I had hardly begun to read
I asked how can you ever be sure
that what you write is really
any good at all and he said you can’t
you can’t you can never be sure
you die without knowing
whether anything you wrote was any good
if you have to be sure don’t write

“I received a reminder last week from Highlights for Children Magazine. The deadline for the fiction contest was two weeks away. The topic?  A funny story based on a newspaper article.

“All I needed to write was a 750-word story. What’s hard about that?

“I began leafing through the New York Times.  I thought it might be fun.

“And it was at first. I enjoy the New York Times.

“But that day, after eight hours of scouring the news, trying out ideas and writing a first draft, I was sure the day had been a total waste. I was sure my story was not funny. I already knew from author John Vorhaus that only ten percent of funny ideas are actually funny. In addition, plot felt contrived and the language dull.

“But, I was a more experienced writer than I used to be. I’d been here before, tasting disaster and feeling discouraged.  I could get past it.

“So I did what many writers do, I went to bed and started fresh the next day. I also found a trusted reader to critique it (My husband, Bart, is usually available on short notice). I read the story again with fresh eyes. Should I start from scratch or was there a seed of a promising idea hidden in those paragraphs, one I could grow during revision?

“Perhaps this 750-word story wouldn’t get the better of me.

“I deleted most of the previous day’s work, and began inching closer to the heart of the story.

“I hope to declare it finished and enter it in the contest soon.

“But will it really be any good? I won’t be sure even as I mail it in. But at least I’m having fun writing it. The story has meaning for me, and at this point in my writing career, that matters a lot.

“There is no litmus test to help writers, a paper strip that turns pink if the story is good, but dismal blue if it isn’t. In the late nineties, when I first started to write for children, five of my pieces, mostly non-fiction, found homes in kid’s magazines. What was it about those stories? The most popular, one, about a chipmunk burrow under my brick sidewalk, with a photo, has been purchased several times by educational publishers. My other stories were about such things as the shaggy mane mushrooms in my yard, about moss and rocks and another about the human liver!
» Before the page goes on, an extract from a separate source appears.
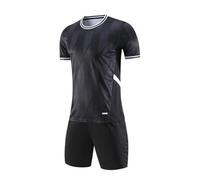 duxyoz Boys Sports Suits Short Sleeve Summer Casual Outfit Lightweight Quick Drying Moisture Wicking Training Suit 2 Pieces Football Kids Sport Shorts Sets Jersey Top Shorts Set Sportwear 14-16 Years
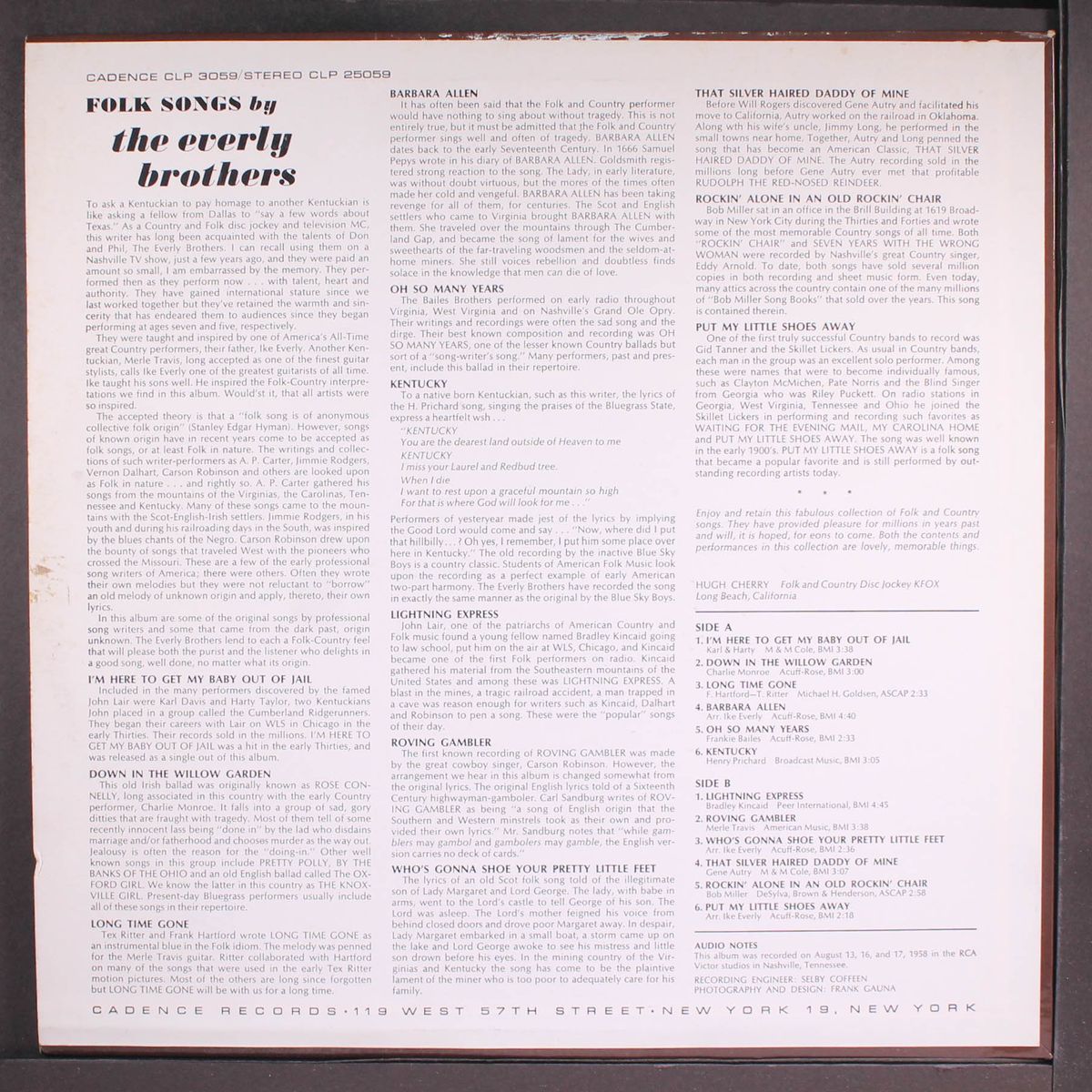 folk songs by the everly brothers by EVERLY BROTHERS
“The core of a story has to be a compelling idea and all those stories seemed to. But when I submit my recent work, I am still never really sure. And the revision process is of course a lengthy one, maybe endless. I recently revisited several picture book poems, years old, and saw lines requiring significant revision. I fixed them . . . and resubmitted. Though it was gratifying to do this, I have no idea what will happen.

“While I submit and wait to hear from agents and editors about my work, I read the work of others. My blog, “Medicine and Health in Children’s and YA Lit” is an attempt to keep up on books and try to link my experience as a doctor. And though I don’t think children’s writers set out to teach, one can learn a great deal through stories about what all of us need in order to be healthy and happy.

“But I ask every day, is my blog or any piece that I am writing really any good? I’m not sure, but I keep at it because I’m a writer.”

Yes, you are.

Thank you, Janice, for sharing your thinking today.